Putin puts pressure on Biden over Syria mission



Vladimir Putin has said American troops are a barrier to peace in Syria, calling their presence there “a violation of international law” in what is seen as a challenge to the Joe Biden administration after its Afghan withdrawal.

The Russian president hit out at the last US military deployment in a Middle East war zone in a rare meeting in Moscow with his Syrian counterpart Bashar al-Assad. Mr Putin was referring to roughly 900 US soldiers stationed in eastern Syria to support Kurdish-led forces, fighting the Islamic State group, as well as Turkish forces protecting a buffer zone on Syria’s northern border.

Russian troops in Syria are there at the invitation of President Assad’s regime but the American and Turkish forces have neither permission from Damascus to be there nor any mandate from the Security Council of the United Nations.

“This clearly violates international law and doesn’t allow you to make maximum efforts to consolidate the country,” Mr Putin was quoted as telling Mr Assad in a Kremlin statement released after their meeting on Monday. “Only a consolidation of all forces in Syria will allow the country to get on its feet and start steady development,” he said.

Russia’s intervention in Syria’s civil war in 2015 helped tip the balance in favour of Mr Assad at a time when his forces were close to defeat.

Mr Assad has since emerged victorious from the decade-old war and has won a fourth presidential term after elections that were described as neither free nor fair by Western governments earlier this year.

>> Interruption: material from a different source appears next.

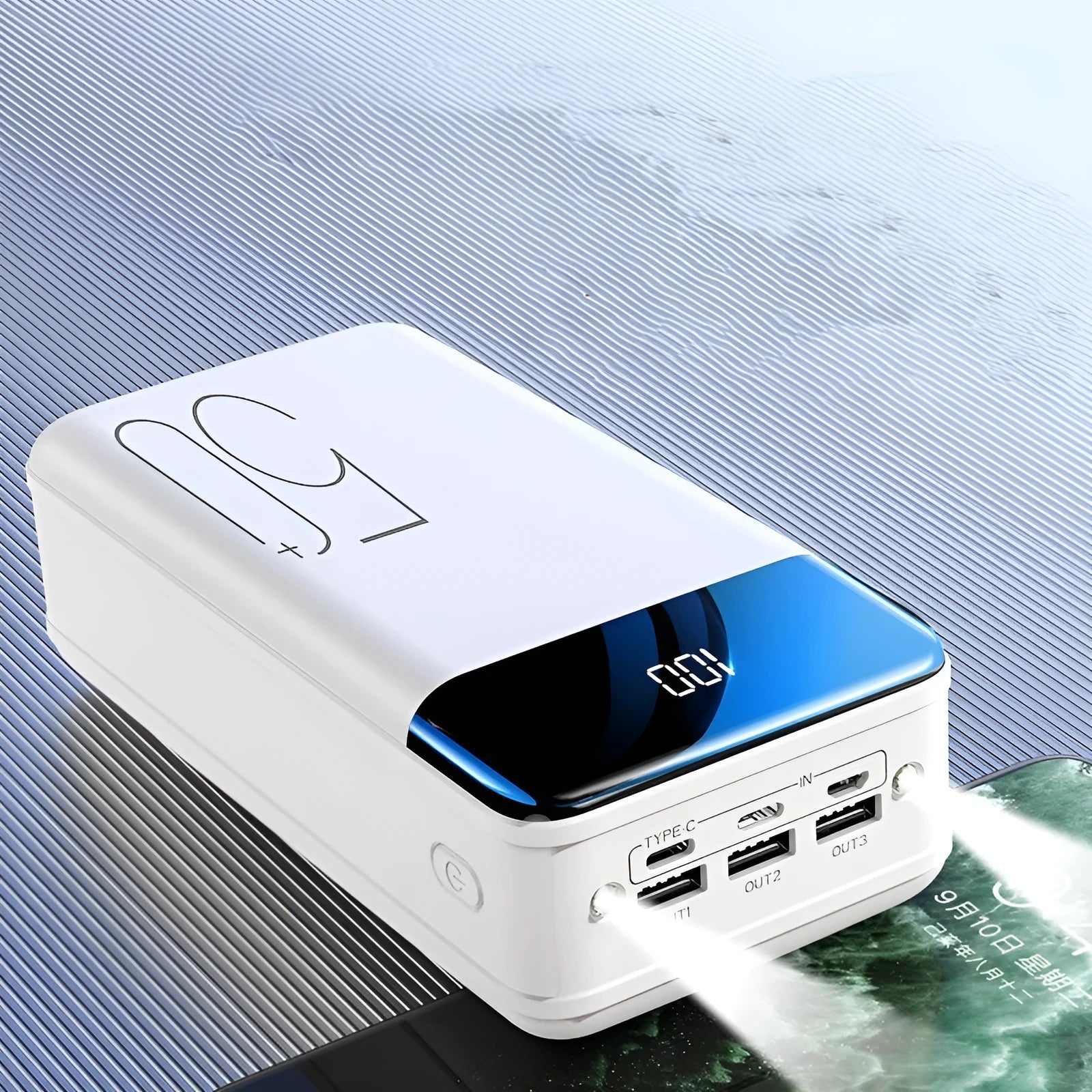Large 50000mAh power bank in black or white with three charging ports and polymer lithium-ion cells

After the disastrous US withdrawal from Afghanistan, Mr Putin may now be looking to focus attention on the ambiguity of the US presence in Syria, said Neil Quilliam, an associate fellow in the Middle East and North Africa programme at the Chatham House think tank.

“Putin will have taken heart at Biden’s message on serving only vital US interests and will likely calculate that Syria no longer, if ever, fitted that category,” he said.

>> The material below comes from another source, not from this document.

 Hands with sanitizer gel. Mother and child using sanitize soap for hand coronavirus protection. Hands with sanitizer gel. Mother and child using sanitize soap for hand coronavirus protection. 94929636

Mr Biden pulled US forces from Afghanistan as part of a plan to pivot to counter China’s growing influence and it has raised questions over the future of the US military in Iraq and Syria.

The US justifies its presence in Syria as necessary for self-defence against Islamic State (IS), arguing that Damascus and its allies are unwilling or unable to counter the radical Islamist threat.

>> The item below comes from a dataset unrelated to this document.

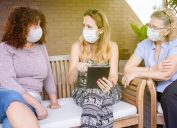 white women talking outdoors wearing coronavirus masks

Former US president Donald Trump had at times indicated that American forces would remain to prevent Iran or Damascus from taking over areas that had been retaken from IS, while at other times he claimed to be withdrawing from Syria entirely.

Mr Putin may now go further in seeking to gauge the Biden administration’s ongoing interest in the region, Mr Quilliam said.

The last of America’s 2,500 troops in Iraq are scheduled to leave by the end of the year.

“Given Putin’s track record of testing US appetite for push back, notably in Crimea, we can expect him to test the resolve of Biden’s commitment to allies in Syria by fomenting clashes with American troops,” he said.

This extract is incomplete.